4. Le 29 janvier : chapitre IV

Retour au magasin, le fameux lundi de la vente des nouveautés d’hiver… « Fameux » parce qu’il a été présenté dans les chapitres précédents comme un moment de vérité : soit le magasin peut attirer un grand nombre de client(e)s (146, 156), vendre sa marchandise (158) et intéresser le baron Hartmann (115, 157) pour un projet immobilier, soit c’est un échec et Mouret fait faillite (126-129).
Le suspense est entretenu par les attitudes, sensations et dialogues entre les personnages déjà connus (aucun personnage nouveau dans ce chapitre), notamment Denise (123) et Mouret ; c’est l’acmé (ou l’apogée) de la première partie du roman.
Le chapitre suit un plan chronologique plus marqué dans la première moitié (8h, 9h, 9h30, p. 116-120,  11h, p. 124) que dans la seconde (on n’a plus le temps de regarder l’heure…) :

  • Pages 116-123 : de 8h à 9h30, mise en place et préparatifs.
  • Pages 123-132 : la matinée inquiétante, sans clientèle, tour du personnel.
  • Pages 132-149 : la ruée de l’après-midi, les rencontres entre les clientes.
  • Pages 149-154 : le calvaire de Denise, humiliée et maltraitée.
  • Pages 154-157 : les départs, le chaos des rayons, la recette de fin de journée.

Détails à étudier :

  • Les énumérations, comparaisons et métaphores présentes dans le chapitre sont dans le domaine de l’exagération (hyperbole, emphase, énumération), que ce soit à propos des quantités de marchandises (« symphonies d’étalages », « débauche de couleurs », 116, « une mer montante », 137) ou de l’énergie dépensée par l’ensemble de toutes ces activités (145, 155-156).
  • À l’inverse du Paris-Bonheur, tissu dont le succès avait été annoncé (139, 142, 156), la grande nouveauté du chapitre est le salon oriental (118-119, 155), dont il n’avait pas été question dans les chapitres précédents. Ce salon marque implicitement le triomphe de l’impérialisme colonialiste : toutes les richesses du monde se concentrent ici (119), sans qu’il soit jamais question des êtres humains vivant dans ces régions… On n’accusera personne de racisme parce que ce concept n’est pas encore consciemment développé ni pensé par le personnel du roman – sinon comme « cet art barbare » importé « du pays de la vermine » (120).
  • Organisation de la vente : 121, 126, 129, 131-132.
  • Érotisme et jouissance des clientes : 140, 148, 156.
  • Du côté des employés (maltraitance, énervement et autres sentiments négatifs ; Denise confrontée pour la première fois au stress du travail et au mépris contre la timide petite provinciale) : 121, 125, 136, 149, 151-154, 158.

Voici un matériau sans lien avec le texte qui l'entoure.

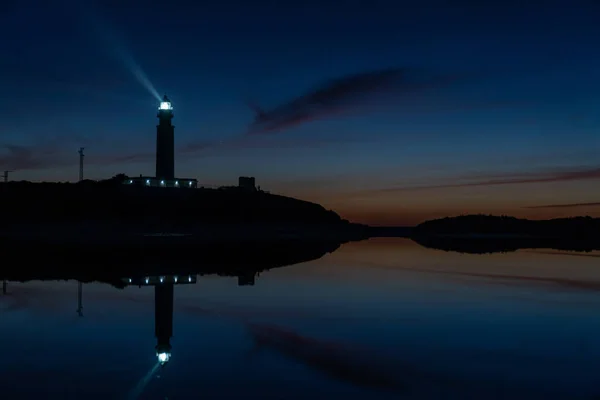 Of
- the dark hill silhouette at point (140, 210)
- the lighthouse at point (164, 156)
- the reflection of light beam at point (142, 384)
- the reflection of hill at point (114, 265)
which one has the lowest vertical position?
the reflection of light beam at point (142, 384)

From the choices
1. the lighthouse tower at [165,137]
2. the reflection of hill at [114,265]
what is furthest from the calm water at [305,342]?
the lighthouse tower at [165,137]

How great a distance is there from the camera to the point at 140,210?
68500 millimetres

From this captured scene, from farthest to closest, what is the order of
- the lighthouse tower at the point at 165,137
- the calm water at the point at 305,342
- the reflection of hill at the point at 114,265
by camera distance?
the lighthouse tower at the point at 165,137, the reflection of hill at the point at 114,265, the calm water at the point at 305,342

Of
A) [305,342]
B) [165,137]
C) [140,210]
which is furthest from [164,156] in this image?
[305,342]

Comme on le voit dans ce chapitre, les histoires de Mouret et de Denise se développent parallèlement et en miroir, l’un en haut de l’échelle sociale, l’autre en bas. Ils ont en commun d’être différents du milieu dans lequel ils doivent vivre : l’un arrivant du midi, l’autre de l’ouest de la France. Ignorants ou indifférents aux usages et codes parisiens, ils sont porteurs d’un projet autre : révolutionner le commerce pour Mouret (contre le petit commerce), garder sa pureté et son honnêteté pour Denise (contre l’hypocrisie et la méchanceté). Ces projets semblant être inscrits dans leur nature ou dans leur identité dès le début, Zola met en œuvre leur stratégie ou les hasards qui leur permettront de se faire (re)connaître et accepter. Dans ce sens, ce ne sont pas des personnages qui évoluent intérieurement ou changent de caractère, mais des entités qui s’adaptent à leur milieu pour y réussir. À côté du réalisme de sa construction romanesque, Zola fait preuve d’idéalisme car la majorité des arrivants ou des migrants n’ont pas la chance de Mouret ou de Denise…

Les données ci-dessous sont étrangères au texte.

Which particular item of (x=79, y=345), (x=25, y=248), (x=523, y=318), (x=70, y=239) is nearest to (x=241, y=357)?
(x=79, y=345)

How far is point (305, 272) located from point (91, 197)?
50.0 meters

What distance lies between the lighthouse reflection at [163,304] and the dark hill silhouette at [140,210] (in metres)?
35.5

5. Le 5 février : chapitres V et VI.

Ces deux chapitres constituent deux volets de la vie de Denise sur une plus longue durée, du 11 octobre (p. 159) au 20 juillet suivant (p. 206), en 1865 (p. 242-243). Zola décrit différents aspects du magasin et de la vie du personnel jusqu’au renvoi de Denise.
(Forte accélération narrative : les chapitres I-IV couvrent moins d’une semaine.)

  • Chapitre V :
    • Denise est convoquée à la direction, entretien avec Mouret (159-161), sans appointements jusqu’en mars (171)
    • Les déboires d’une fille courageuse, pieds (161-162), collègues (162-163), frère dépensier (163-166)
    • La nuit, les chambres, le règlement (167-169)
    • Avec Pauline, la proposition de « prendre quelqu’un » (169-173)
    • Les autres vendeuses et leurs amants (174-176)
    • De décembre à février, la morte saison d’hiver (176-180)
    • Denise en salariée mal aimée, laine VS soie (180-183)
    • Un dimanche à Joinville (183-196)
    • Retour nocturne et rencontre avec Mouret (196-199)
  • Chapitre VI :
    • La morte saison d’été et les renvois (200-202)
    • Les menaces liées la médisance (202-204)
    • Soucis matériels et financiers, second emploi (205-206)
    • Le 20 juillet (206), l’enchaînement fatal jusqu’au renvoi : il combine le besoin d’argent (voir Robineau ; être sollicitée par Jean), le harcèlement moral des collègues (faibles ventes, devoir se cacher pour voir Pauline, Robineau ou Jean) et le harcèlement sexuel (Jouve)
      • Denise cherche Robineau, lui aussi détesté (207-212)
      • Dans les sous-sols, le déjeuner des hommes (212-221)
      • La visite de la direction (218-219)
      • Le déjeuner des femmes (221-224)
      • La proposition de Jouve (224-226)
      • Denise veut cacher Jean… (226-229)
      • Jouve au rapport et… « Passez à la caisse ! » (229-233).

Différence entre les deux chapitres : Mouret conseille et protège Denise (ch. V) ; le personnel ligué contre Denise évite d’informer Mouret du renvoi de Denise (ch. VI, p. 230).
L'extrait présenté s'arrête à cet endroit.